**Task statement**
All lines from the one holding "Hohes, historisches Gebäude" through the last line of the entries below must be transcribed exactly, and no others. Pictures do not go in.

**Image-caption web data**

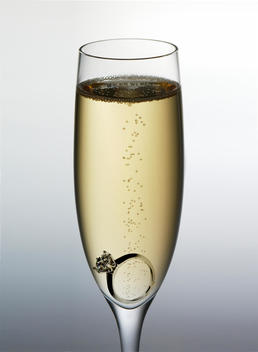 Engagement Ring in a glass of champagne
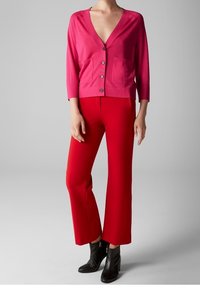 Roze cardigan met V-hals, driekwart mouwen en twee voorzakken, gecombineerd met rode brede broek en zwarte enkellaarsjes.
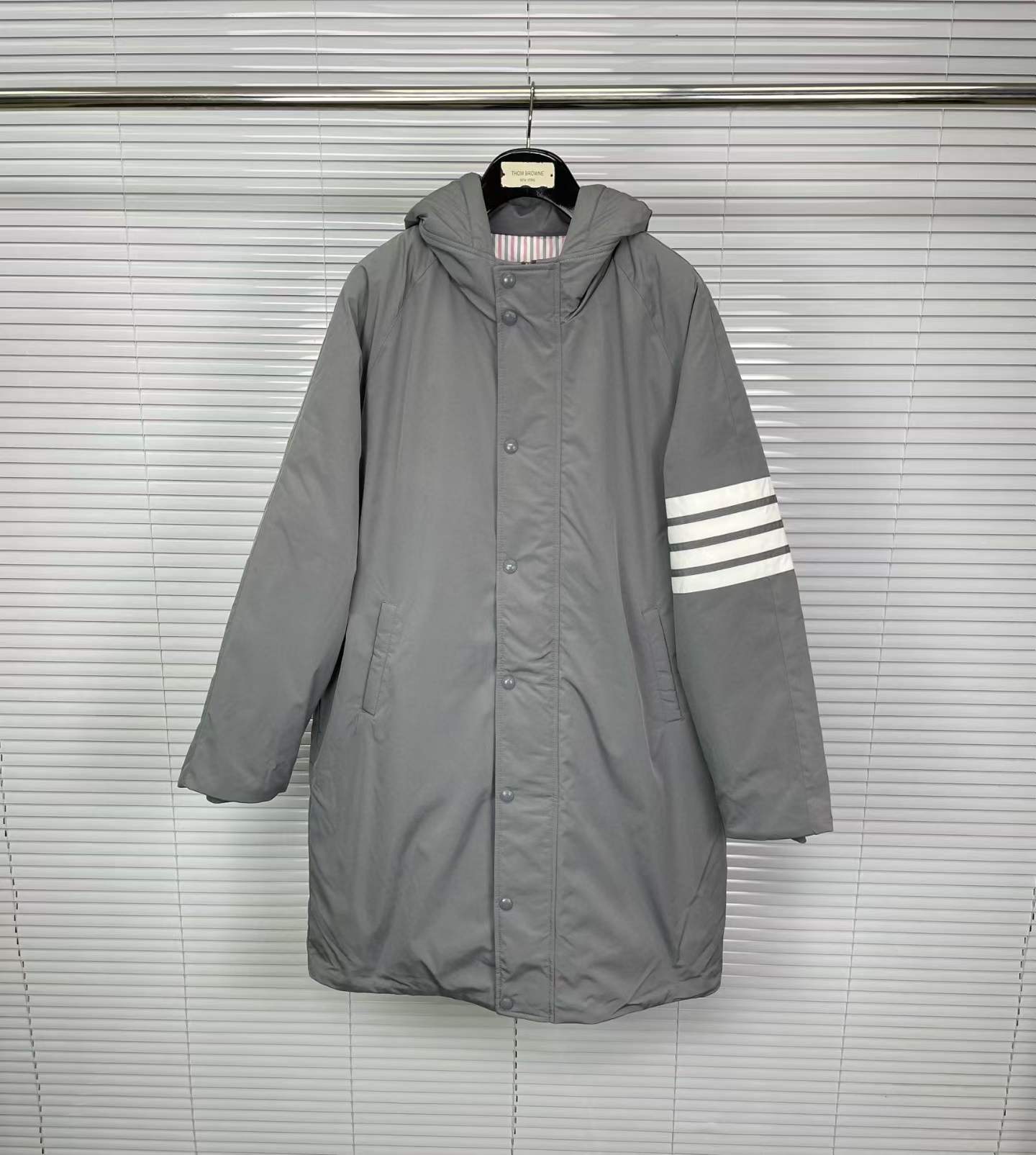 Thom Browne grey down-filled hooded parka coat with the signature 4-Bar stripe on the sleeve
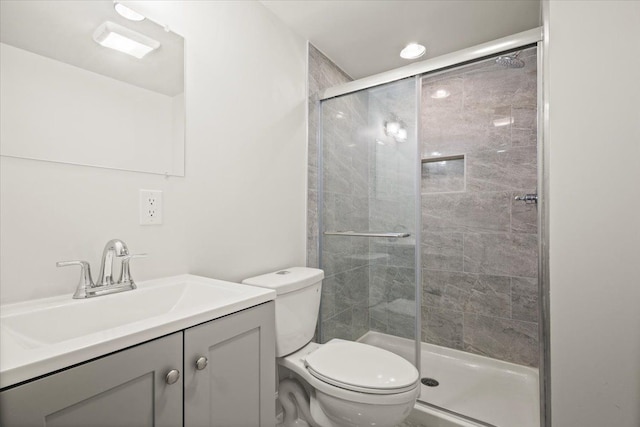 bathroom with vanity, toilet, and walk in shower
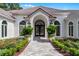 Elegant front entrance featuring a tiled walkway, double doors, lush landscaping, and a stylish arched entryway at 1306 Sweetwater Club Blvd, Longwood, FL 32779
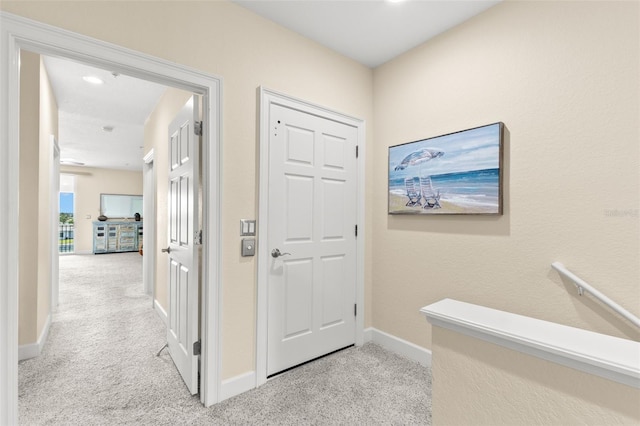 300 Capri Blvd Unit 3, Treasure Island, FL 33706 - corridor with light colored carpet and recessed lighting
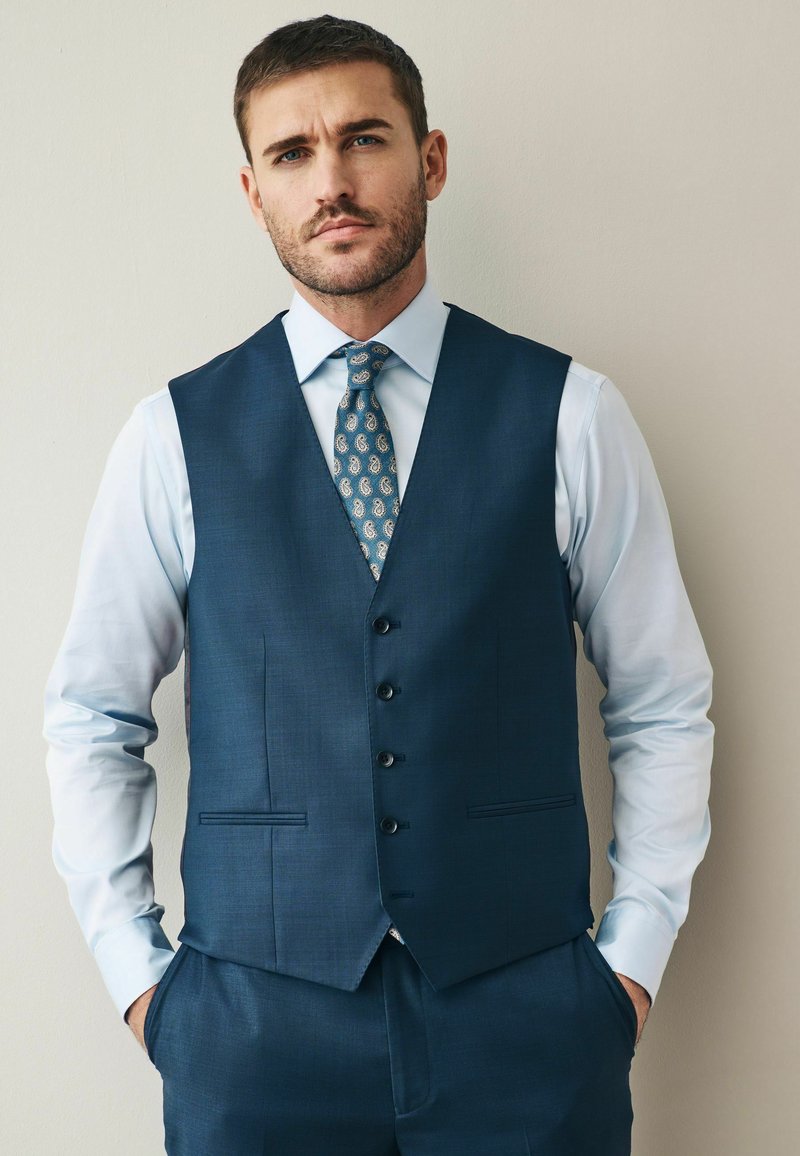 Gilet blu navy con finitura testurizzata, dotato di cinque bottoni e tasche laterali, indossato sopra una camicia azzurra chiara con una cravatta a fantasia.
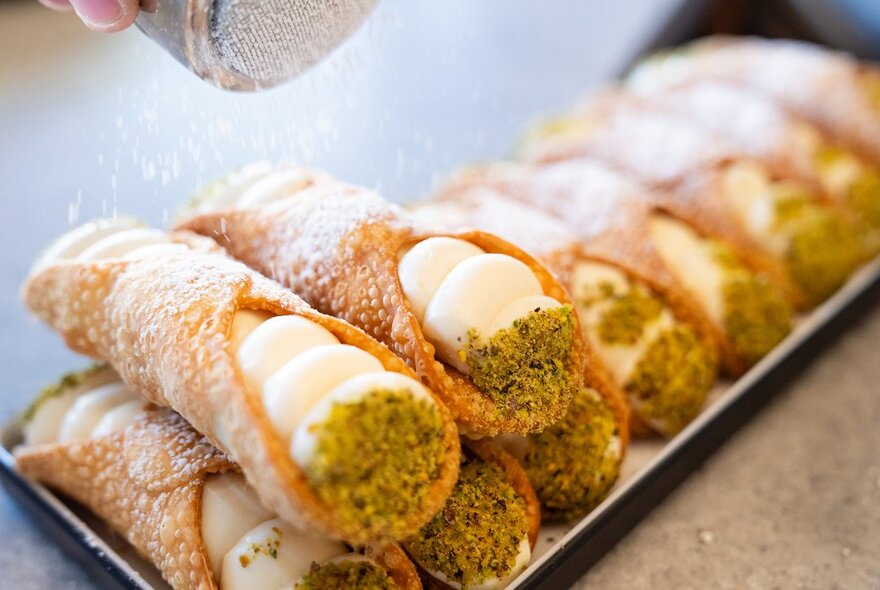 Pistachio and ricotta cannolis on a tray, dusted with icing sugar.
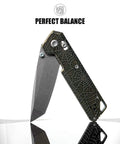 Ultra Thin EDC Knife With 2.9 Inch S35VN Blade And Titanium Handle, Precision Ground Tanto, Dope Build Facing Left Showing Blade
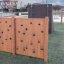Kids outdoor Climbing Wall with wooden panels in a playground.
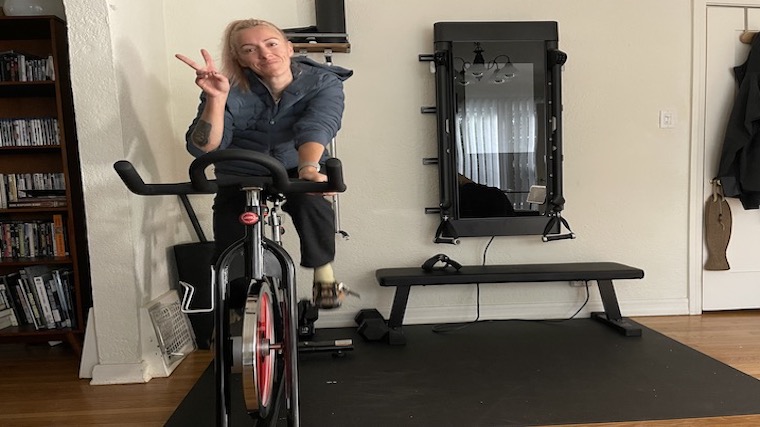 Woman cycling at home in her pajamas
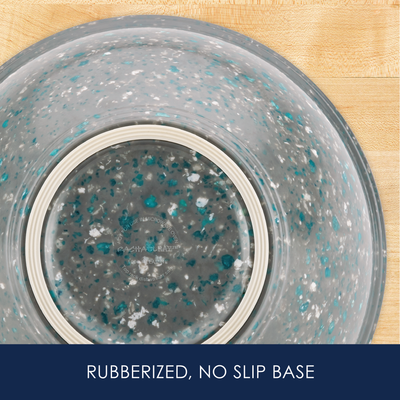 Bottom of a bowl with a rubberized, non-slip base on a wooden surface.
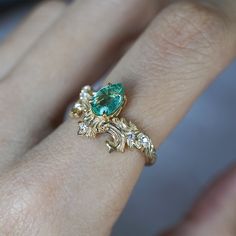 a close up of a person's hand with a green ring on their finger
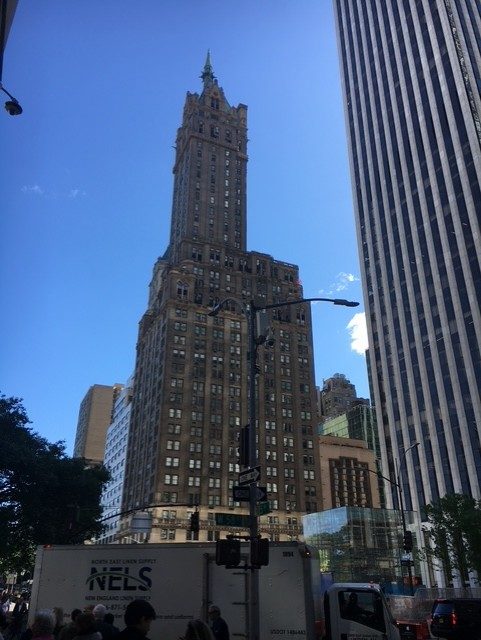 Hohes, historisches Gebäude mit architektonischen Details, umgeben von modernen Wolkenkratzern und klarem Himmel.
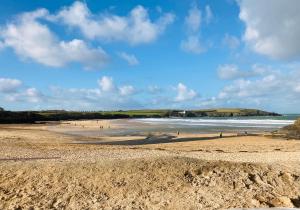 a group of people on a beach near the water at Harbour Retreat Padstow - Entire Apartment in the beautiful old town of Padstow Harbour in Padstow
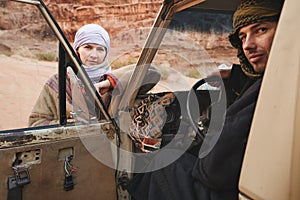 Young woman in traditional Bedouin coat - bisht - and headscarf, sitting next to old 4wd vehicle, looking over opened door, photo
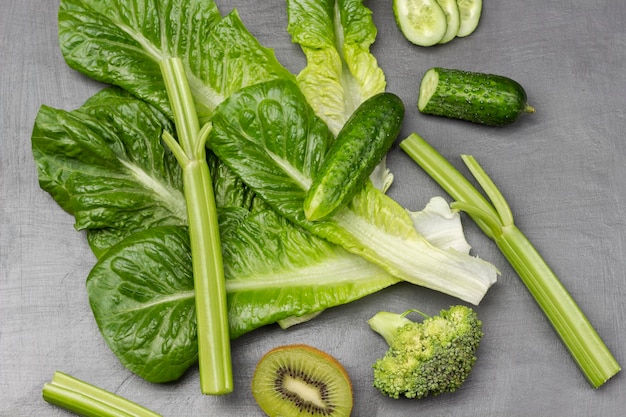 Lettuce cucumber and celery stalks on grey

**Answer box**
 Hohes, historisches Gebäude mit architektonischen Details, umgeben von modernen Wolkenkratzern und klarem Himmel.
 a group of people on a beach near the water at Harbour Retreat Padstow - Entire Apartment in the beautiful old town of Padstow Harbour in Padstow
 Young woman in traditional Bedouin coat - bisht - and headscarf, sitting next to old 4wd vehicle, looking over opened door, photo
 Lettuce cucumber and celery stalks on grey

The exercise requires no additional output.